A or B? Two Scoring Options for Belle of the Ball
After playtesting Prototype L a few times, I've seen analysis paralysis set and delay the game. This is partly from the peculiar scoring method. For some context, consider the symbols on the top left of each card to be what that guest is talking about. So Queen Jewel Jaite is talking about conversations, coffee and shields. Make sense? Okay, here are the two scoring options. First, let's see how it works now.
A: Cross-Preference
The left guest grants 1 point per guest with a speech bubble. (The middle guest and right guest qualify, noted by the arrow.) The middle and right guests grant 1 point per guest with a heart, but there are no such guests in this group. This group earns 2 points.

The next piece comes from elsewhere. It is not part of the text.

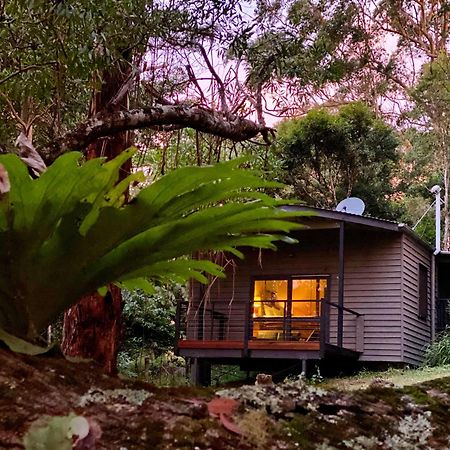 Whispering Valley Cottage Retreat ماليني المظهر الخارجي الصورة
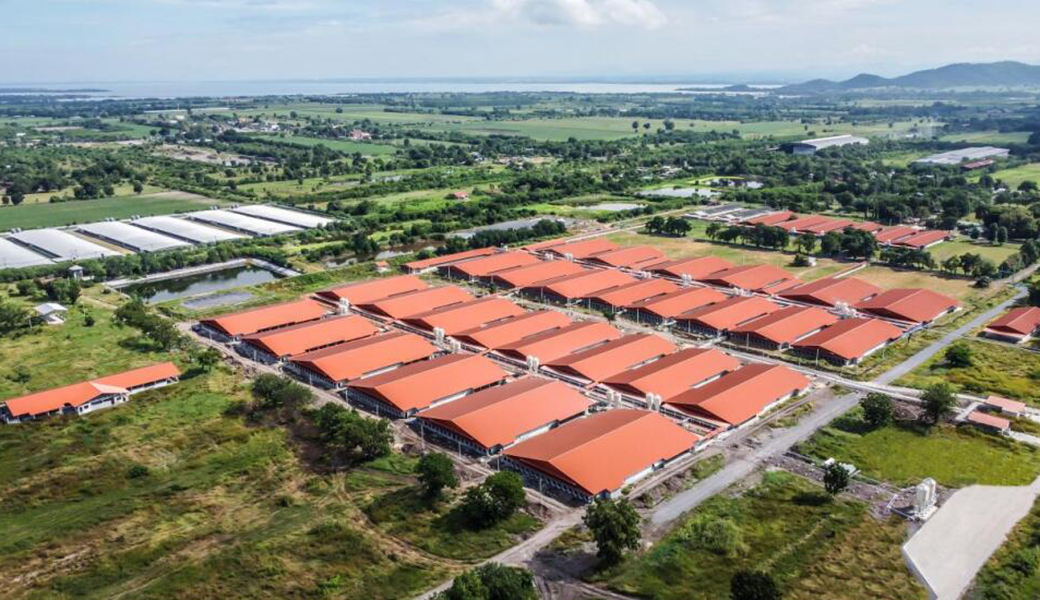 1742450346313390.jpg QQ截图20250320105956.jpg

Here's a more complicated example. The left guest grants 1 point per guest with a heart. (The middle guest and right guest qualify, noted by pink arrows.) The middle guest grants 1 point per guest with a speech bubble. (The left guest qualifies, noted by a blue arrow.) The right guest grants 3 points per guest with a tree. (The left guest qualifies, noted by a yellow arrow.) This group earns 6 points.
Keeping track of these cross-relationships is a lot of mental overhead when you're also thinking about how to combine charms, tracking your opponent's party, and hoping to satisfy your Belles. So I am considering this simpler scoring method.
B: Matching
In this scoring system, I'd remove the whole group scoring diagram from the cards entirely. All that remains are the symbols on the top left corner. The new scoring system rewards you for having matching symbols in a group, one point per matching symbol. In the example above, the group has two shields and two speech bubbles. This group earns 4 points.
The group above has two hearts, but otherwise has no other matching symbols. This group earns 2 points.
Naturally, my inclination is to favor the option that takes away visual clutter from the card. It certainly makes more thematic sense that a group "discussing" the same subject would enjoy each other's company more. Think of it kind of like the Sims visual conversation. "You like trains? I love trains!"
I'm eager to see how the other playtesters feel about option A and if they'll respond better to option B.
I have an initial strongly positive reaction towards B.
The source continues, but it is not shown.